Short text fragments from websites:
╔══
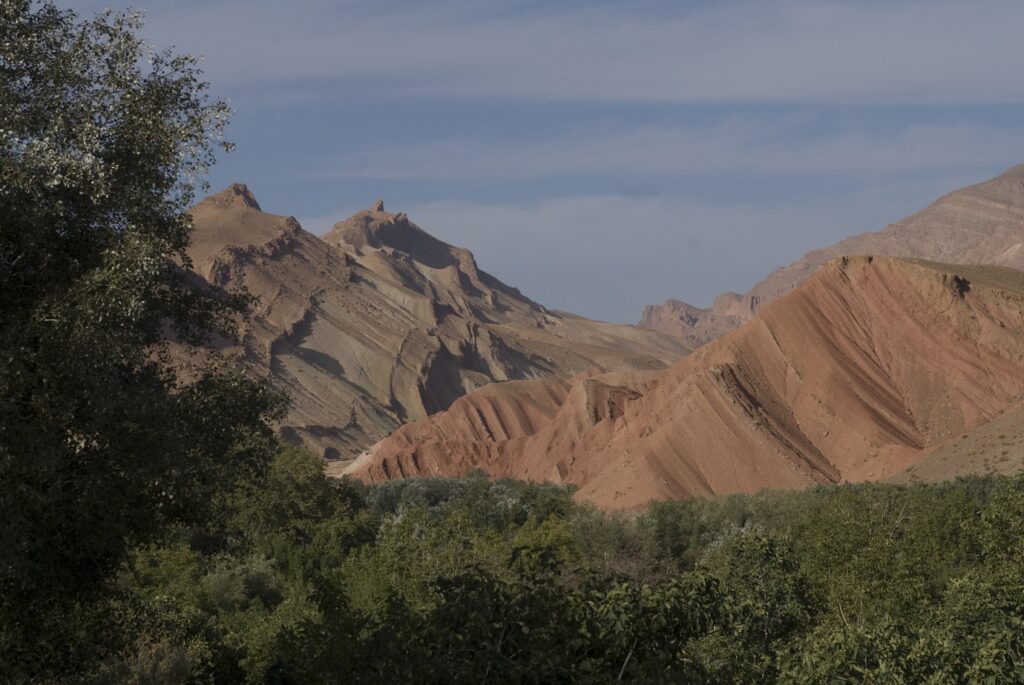 Paysage montagnard marocain avec différentes montagnes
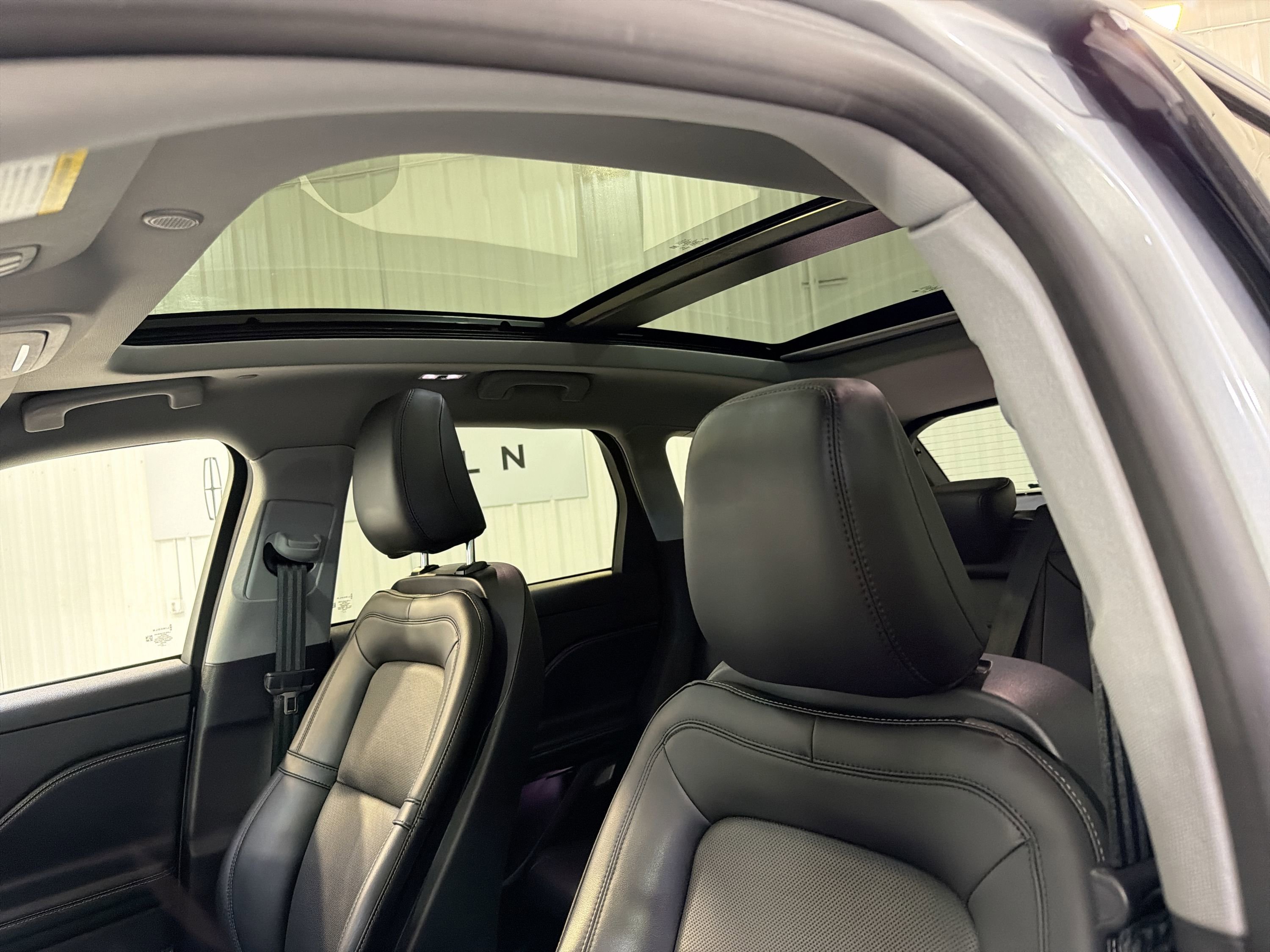 Used 2022 Lincoln Corsair AWD w/ Premium Package image 24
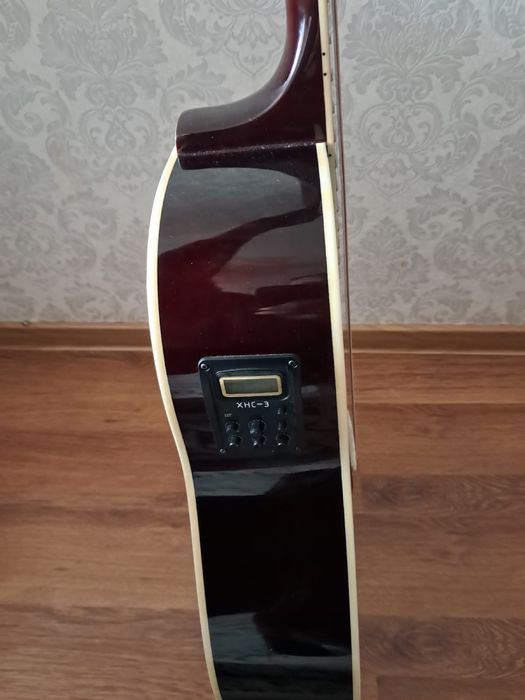 акустическая гитара,торг есть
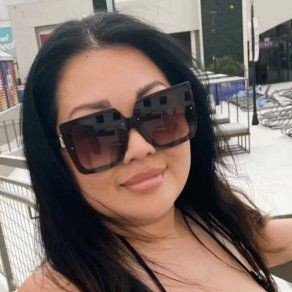 Lily, Bath escorts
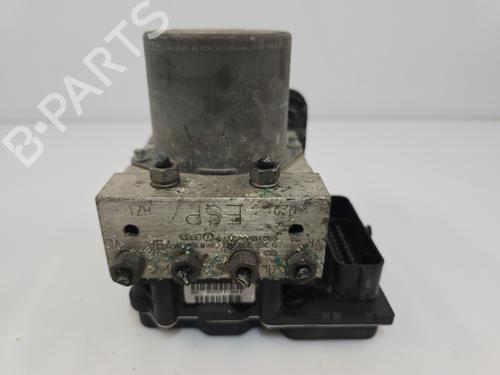 Used ABS pump AUDI A4 B8 (8K2) 2.0 TDI (143 hp) 25663088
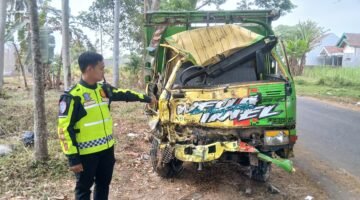 Hilang Kendali, Truk Muatan Tebu Terjun ke Sungai Brantas Kepanjen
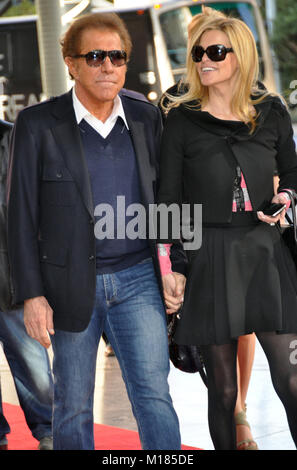 LAS VEGAS, NV - MÄRZ 08: Steve Wynn, Andrea Hissom-Wynn während der TOPSHOP TOPMAN Las Vegas Grand Opening auf der Fashion Show Mall am 8. März 2012 in Las Vegas, Nevada. Menschen: Steve Wynn, Andrea Hissom-Wynn Stockfoto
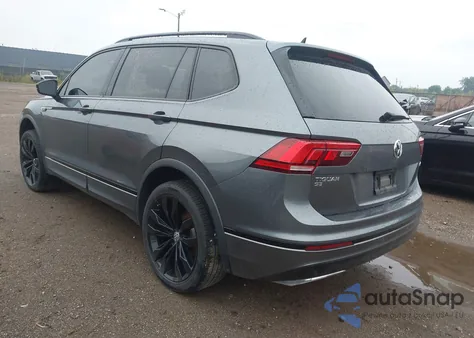 2020 Volkswagen Tiguan 2.0T Se/2.0T Se R-Line Black/2.0T Sel z USA, uszkodzony, nr VIN 3VV2B7AX4LM165513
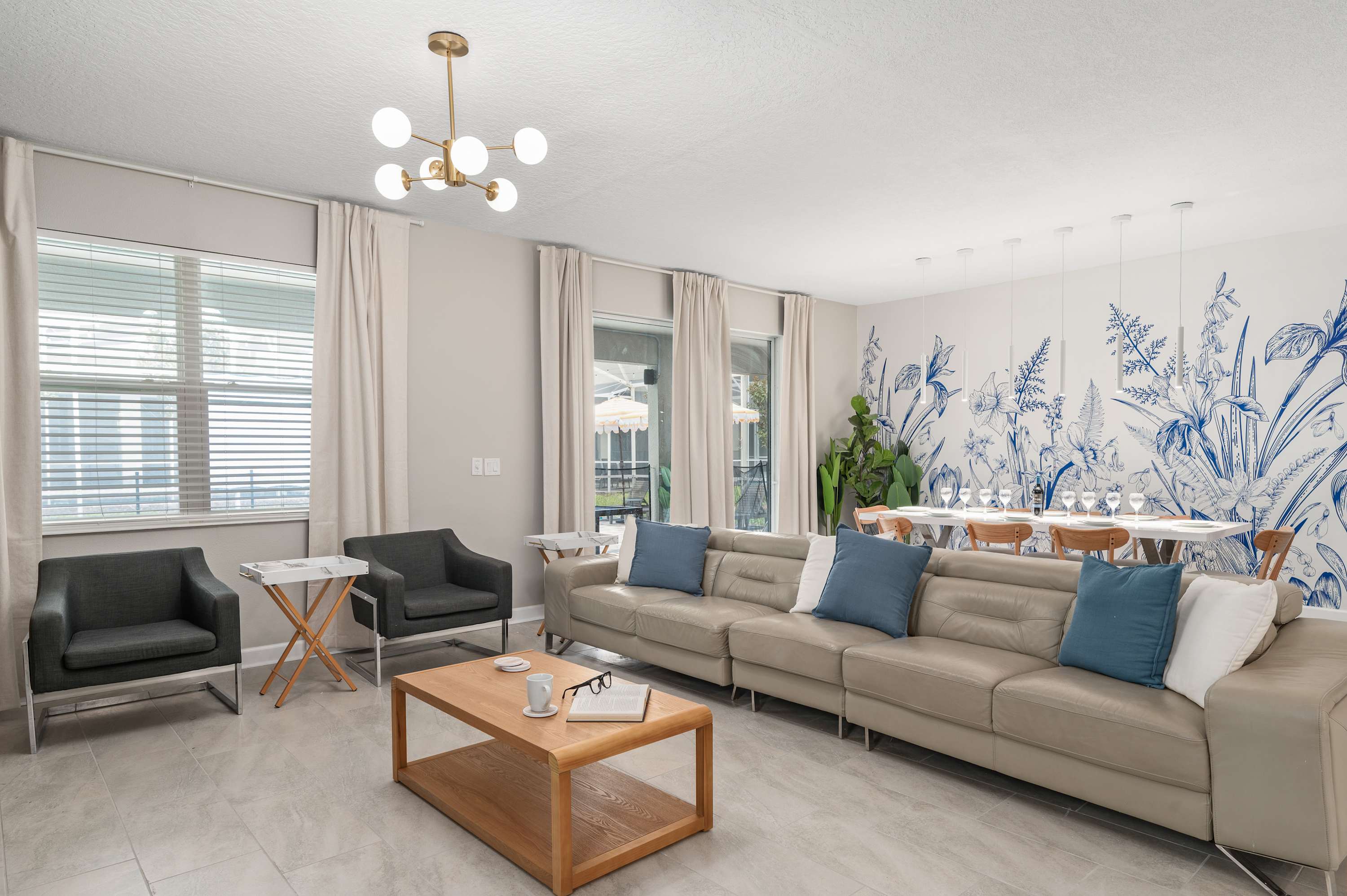 Large 7BR getaway near Disney w/ pool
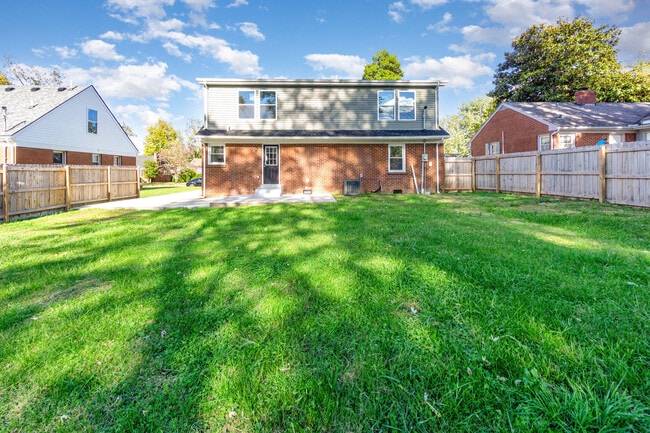Building Photo - 358 Sheridan Dr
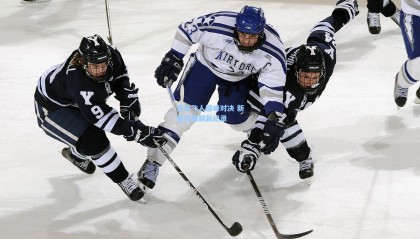 百米飞人巅峰对决 新星闪耀刷新纪录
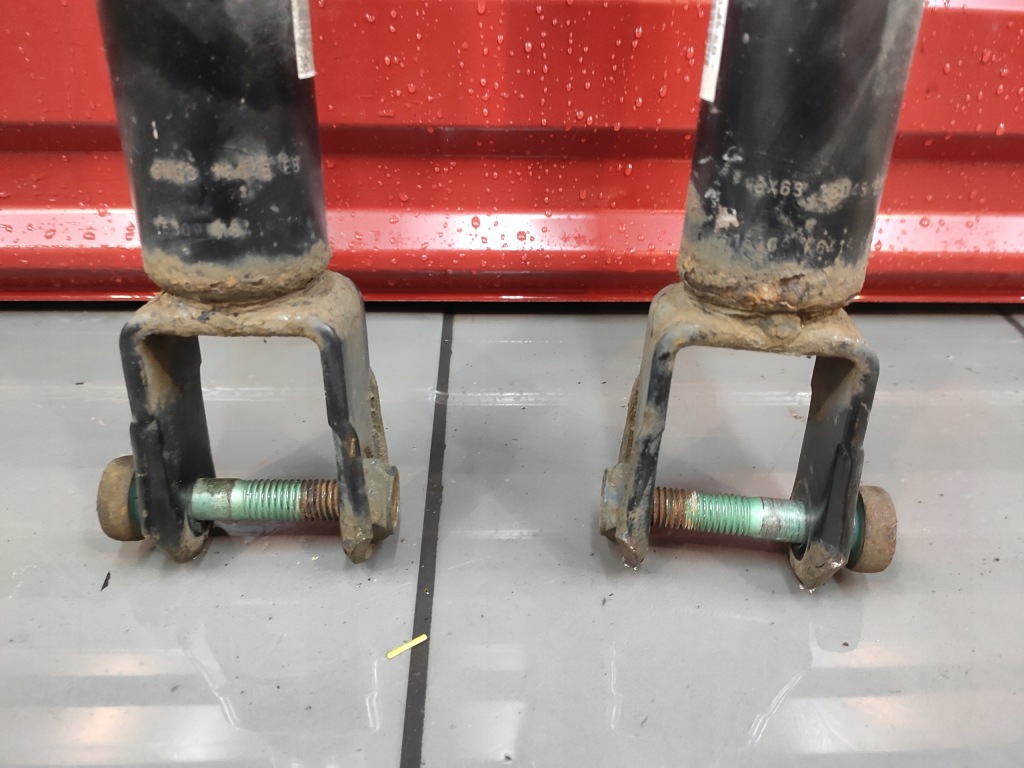 Купити Jaguar xf 2 x260 3.0d амортизатор амортизаторна стійка правий ліве перед оригінал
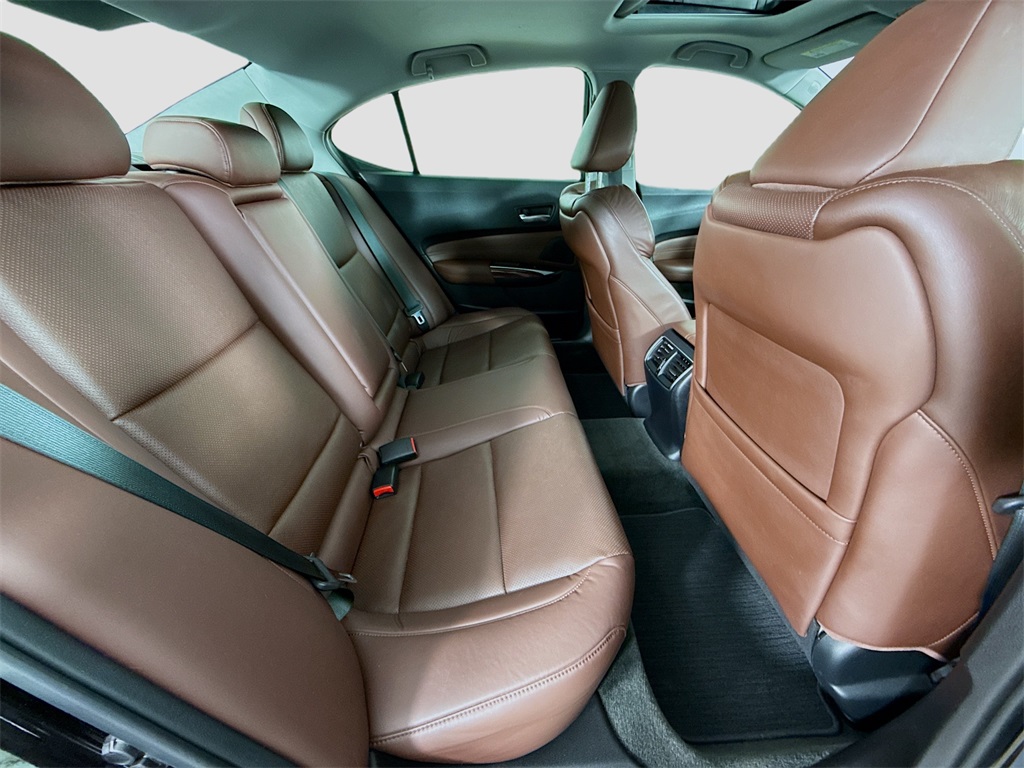 2015 Acura TLX Advance photo 27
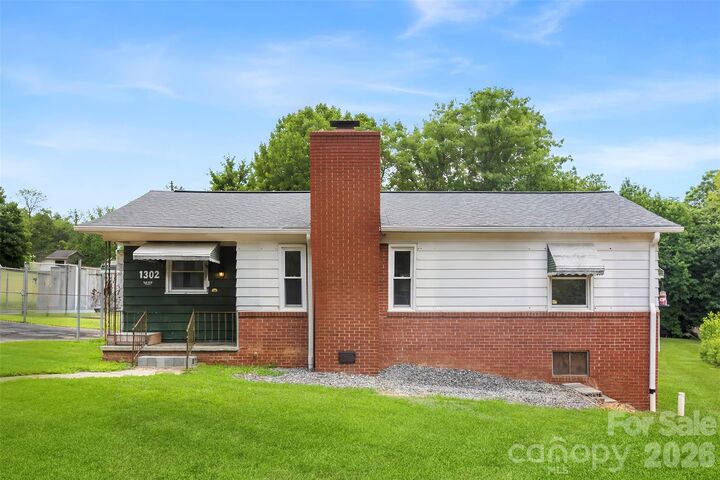 Property Photo: 1302 W Gold Street Extension NC 28086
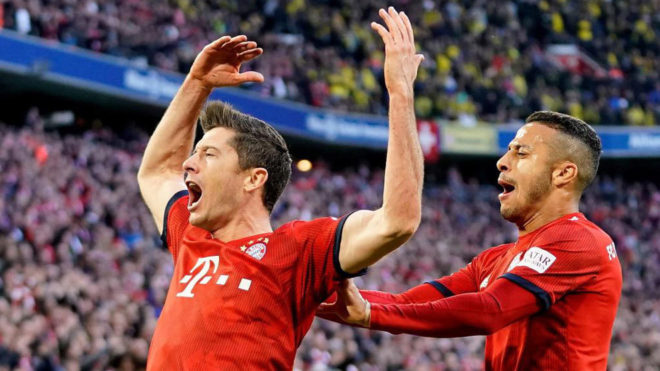 Lewandowski and Thiago celebrate going 2-0 ahead.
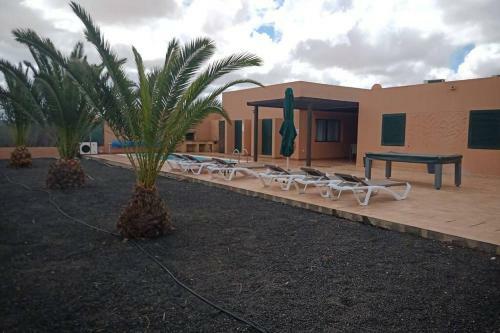 Anahi Homes- Villa Palm View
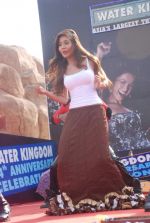 Sara Khan at Water Kingdom in Marve on 27th May 2012 (10).JPG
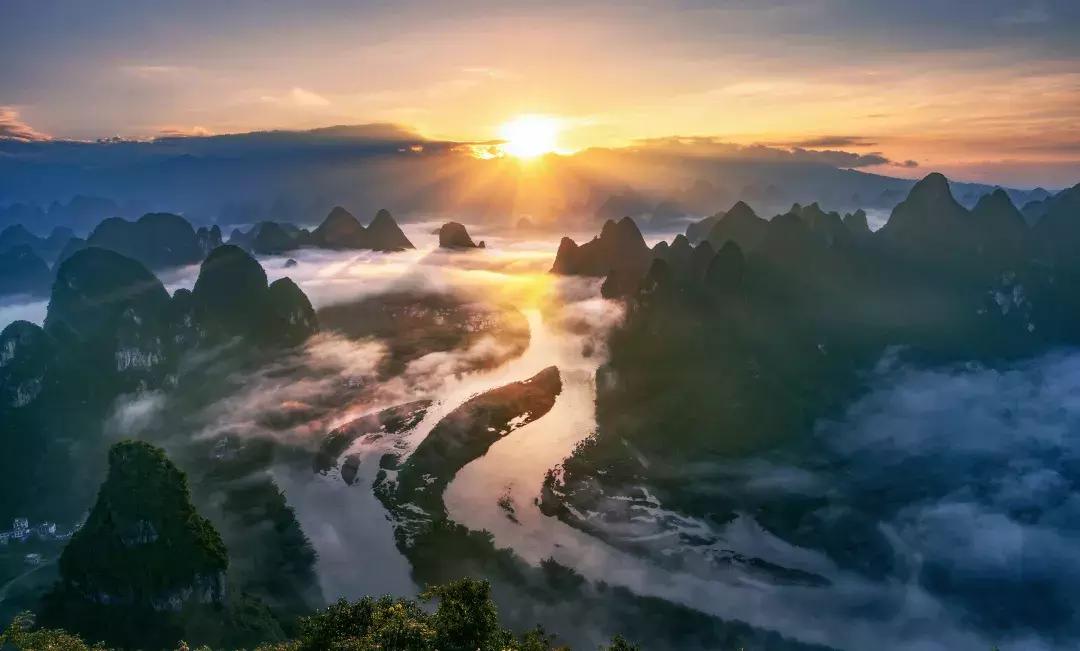 12月成都出发白菜价机票大全,4月机票低至99元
╚══
The required output is the line containing "Купити Jaguar xf" plus every line after it to the end of the data, copied exactly and with no pictures.

SOLUTION FOR THIS PROBLEM:
 Купити Jaguar xf 2 x260 3.0d амортизатор амортизаторна стійка правий ліве перед оригінал
 2015 Acura TLX Advance photo 27
 Property Photo: 1302 W Gold Street Extension NC 28086
 Lewandowski and Thiago celebrate going 2-0 ahead.
 Anahi Homes- Villa Palm View
 Sara Khan at Water Kingdom in Marve on 27th May 2012 (10).JPG
 12月成都出发白菜价机票大全,4月机票低至99元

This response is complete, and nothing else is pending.